The winter SPF routine

Whether you are shredding the slopes with skis, a snowboard, or even on a tube, SPF protection is a must. UV radiation bounces off surfaces, especially snow and water. Even though it is cold, the sun is still out. The sun emits ultraviolet radiation and those rays come down from the sun regardless of clouds or windows.

UV rays go through any surface visible light can go through. Sunscreen or an SPF > 30 should be worn every day as part of a skincare routine to protect from this ultraviolet radiation from the sun and from HEV radiation from computers and inside devices.

Proper sunscreen application

Usually, in the summer a shot glass of sunscreen is needed per side of your face. In the cooler months with more clothing on for more protection, it is important to apply a quarter-size amount to your face and hands and/or sun-exposed area.

Throughout the day, you should be reapplying sunscreen (when in high exposure) every 2 hours. If you are using an SPF when not in direct sunlight/indoors, reapplying every 4 hours is prudent.

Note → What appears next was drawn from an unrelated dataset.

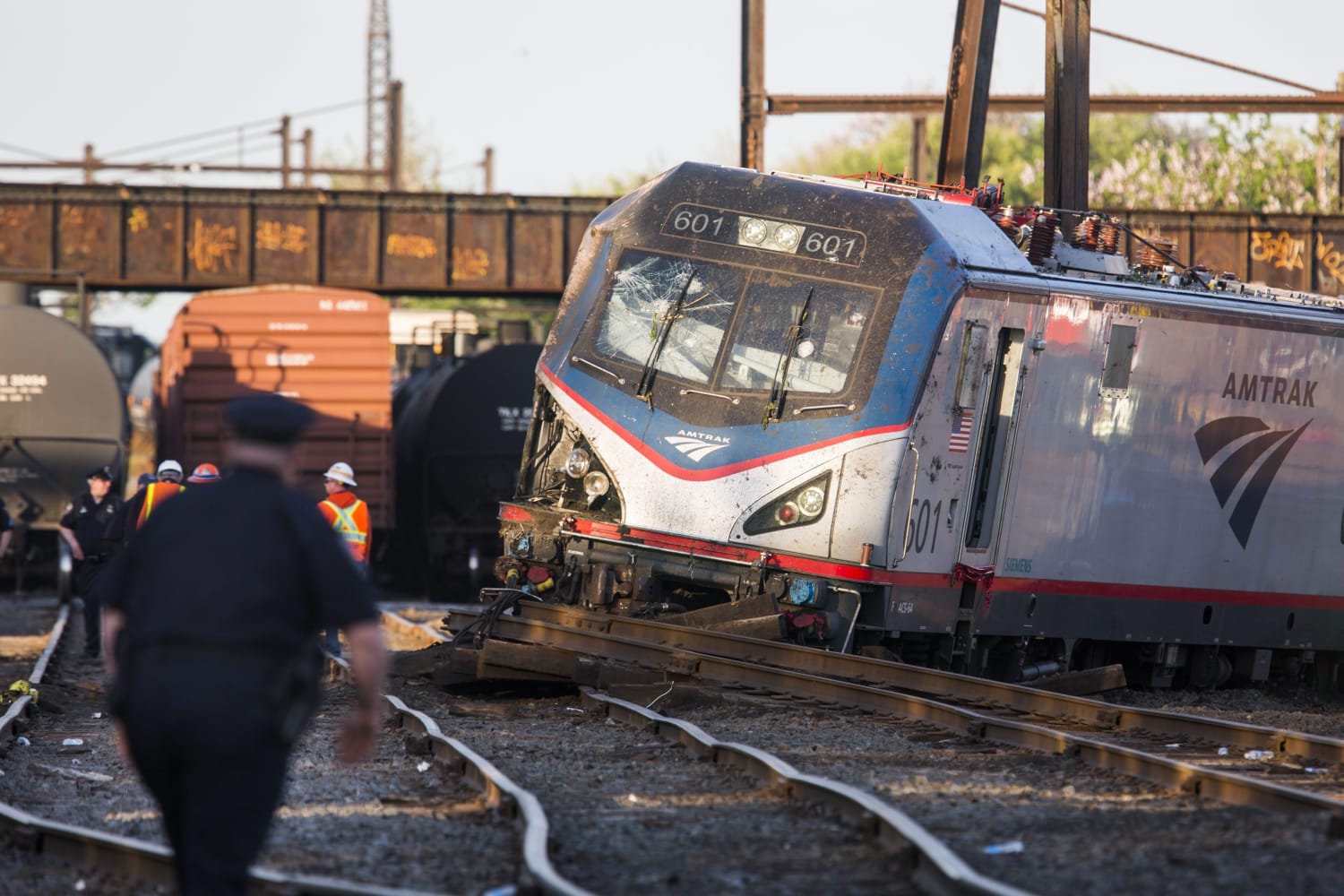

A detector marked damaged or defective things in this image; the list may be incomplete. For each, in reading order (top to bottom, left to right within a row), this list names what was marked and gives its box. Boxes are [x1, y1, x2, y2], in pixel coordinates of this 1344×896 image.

rusty railway bridge [0, 184, 1340, 299]
damaged amtrak locomotive [495, 161, 1344, 688]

If you don't wear sunscreen regularly, you are exposing your skin to ultraviolet radiation. When doing so, the cells in the skin can get damaged leading to skin cancers and photoaging because the collagen in your skin breaks down giving it wrinkles. When wearing sunscreen you are preventing your skin from anti-aging factors.

Types of sunscreen

Sunscreens come in lots of flavors. There are chemical sunscreens and physical blockers. Those with sensitive skin should opt for physical sunscreens containing titanium or zinc oxide to avoid sensitivity issues.

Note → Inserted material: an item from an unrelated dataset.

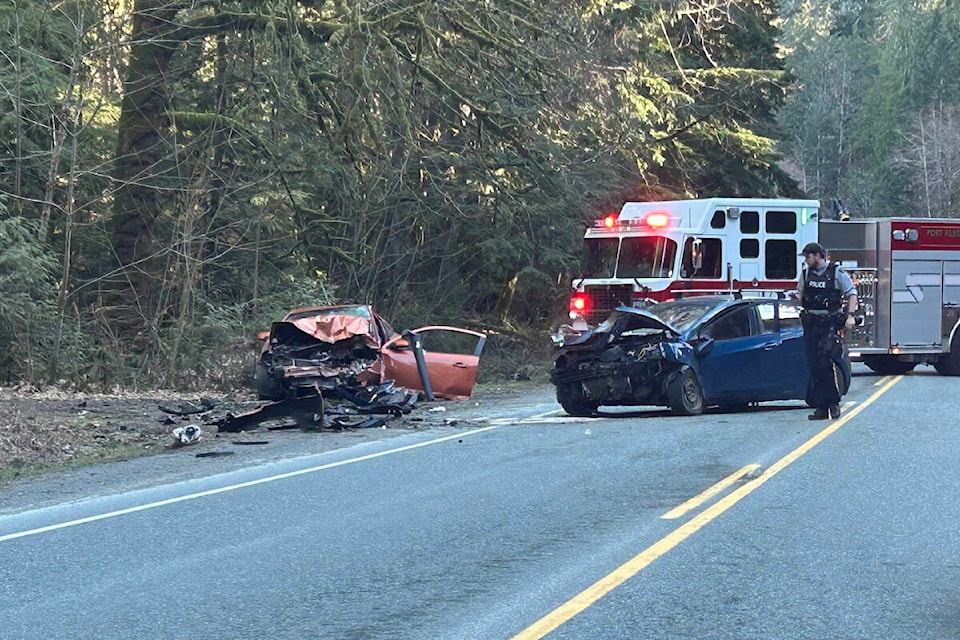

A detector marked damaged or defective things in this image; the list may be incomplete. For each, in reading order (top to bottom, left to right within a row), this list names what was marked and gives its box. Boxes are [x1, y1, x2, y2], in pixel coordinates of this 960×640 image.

wrecked car front end [548, 308, 696, 418]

In terms of multitasking SPF products, like moisturizer or foundation with SPF, they do work as an option for the colder months of the year but they need to be > 30SPF. Many companies add an SPF to their products but the SPF is not high enough. SPF does not add on itself: using a moisturizer of 15 and makeup with SPF 15 does not give you SPF 30 protection. They are made to be stable in colder months, always check the expiration date on these products as SPF products do expire.

Remember SPF is just a measurement to standardize sun protection. It is a measure of redness ... how long a person can stay out before getting red. Redness is the body’s way of protecting us so we go inside. Redness does not determine the degree of DNA damage or free radical damage caused by the radiation... the best protection is a hat and long sleeves.